Among those highlighted was the case of a care home charity in Cheshire whose residents lacked adequate food and clothing despite annual grants of pounds 400,000. The commission is still investigating 15 months after staff blew the whistle, and the local health authority has been forced to step in and find new carers for the residents.
In a separate case, an MP has complained that a charity for landmine victims received hundreds of thousands of pounds to fit more than 1,200 artificial limbs per year in Laos, but actually fitted just 400 in its first two years.

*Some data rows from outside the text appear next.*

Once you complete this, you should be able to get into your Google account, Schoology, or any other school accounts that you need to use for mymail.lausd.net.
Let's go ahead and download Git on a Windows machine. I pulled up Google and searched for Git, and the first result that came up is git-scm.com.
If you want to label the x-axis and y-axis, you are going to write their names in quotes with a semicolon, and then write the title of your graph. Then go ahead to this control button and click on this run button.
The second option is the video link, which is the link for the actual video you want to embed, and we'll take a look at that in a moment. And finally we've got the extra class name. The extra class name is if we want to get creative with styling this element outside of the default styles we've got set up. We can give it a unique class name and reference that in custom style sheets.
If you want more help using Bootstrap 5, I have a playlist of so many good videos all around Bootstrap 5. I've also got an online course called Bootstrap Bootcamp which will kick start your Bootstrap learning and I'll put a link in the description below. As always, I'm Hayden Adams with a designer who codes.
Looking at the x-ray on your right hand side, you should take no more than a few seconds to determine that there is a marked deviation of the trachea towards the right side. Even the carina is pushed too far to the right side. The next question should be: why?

The Charity Commission said it had "no current concerns" about the organisation.
The commission also allowed one major charity, the National Confederation of Parent Teacher Associations, to re-employ staff who were at the centre of a major investigation into alleged breaches of charity law.

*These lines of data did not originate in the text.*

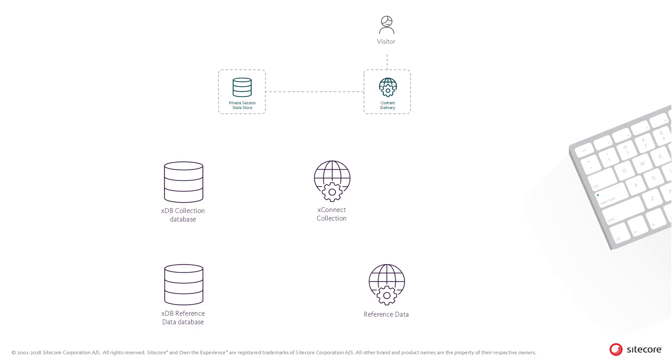This could, for example, be a customer's address, emails, contact preferences, and more, or the geographical location where an interaction is made, or information about the device which the interaction is made on.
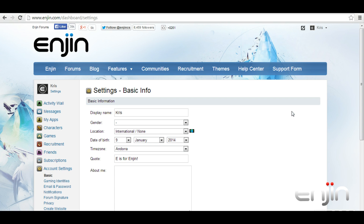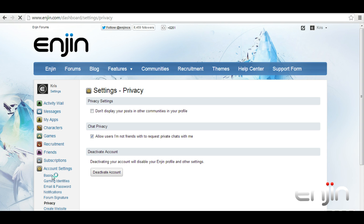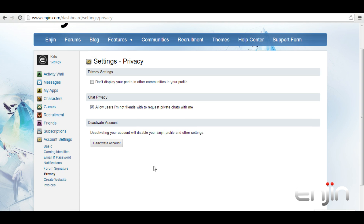From the next page, navigate to the privacy section on the left. Then click deactivate account.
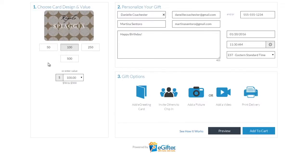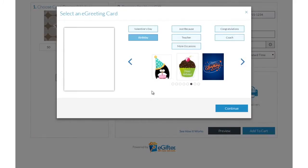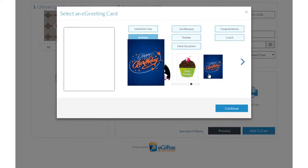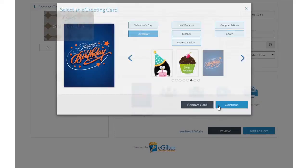You can send the gift by email, text message, or even a social post. Personalize your gift with an animated greeting card, photo, or video message.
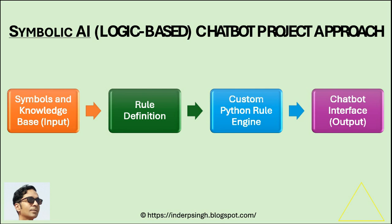Then the second step in the approach is rule definition, meaning what is the mapping between entities and relationships that I have defined in the knowledge base. The third step is creation of the custom Python rule engine. What this rule engine does is it processes the user queries, gets the matching data, and crafts the responses.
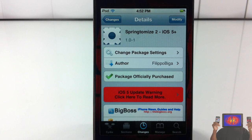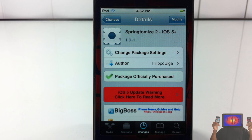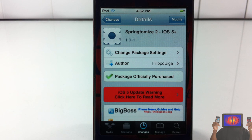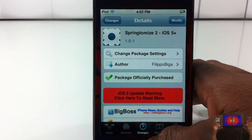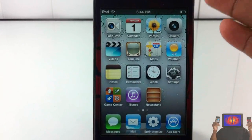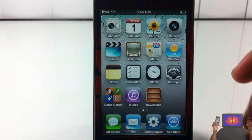Hey YouTube, bringing you guys a video on SpringTomize 2 for iOS 5 or higher — yes, SpringTomize 2, not SpringTomize 1. It's by Filippo Bigarella and it's in the BigBoss repo for $2.99. If you used SpringTomize 1 and you're familiar with it, you probably know it's an awesome tweak. This one is for iOS 5 and has more features because iOS 5 has more things to customize than iOS 4 and lower.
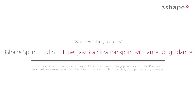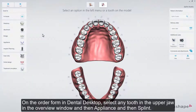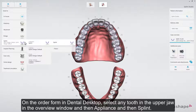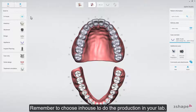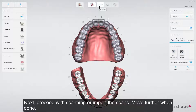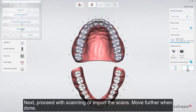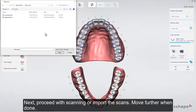Splint Studio can help you design and create a stabilization splint with anterior guidance for the upper jaw. In this video, we'll show you the workflow to achieve such a splint. On the order form in Dental Desktop, select any tooth in the upper jaw in the Overview window, then Appliance, then Splint. Remember to choose In-House to do the production in your lab. Next, proceed with scanning or import the scans, and move further when done.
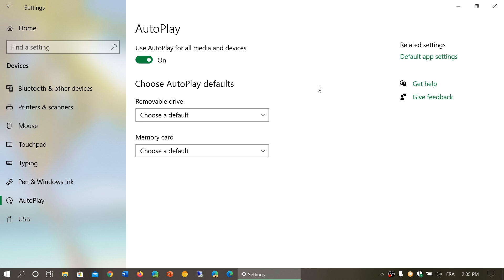But apart from that, it's automatically turned on, and it's there to make things easier when you plug in a memory card or an external storage device.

And it has allowed a cult which believes in witchcraft and demons, and whose Brazilian founder went to prison for fraud, to remain on its register for five years without raising any concerns.
David Davis, the chairman of the Public Accounts Committee (PAC), said yesterday that he intended to call in the commissioners to explain their record when Parliament returned this autumn.
His committee said two years ago that fraud and maladministration among Britain's 184,000 charities were going unchecked because …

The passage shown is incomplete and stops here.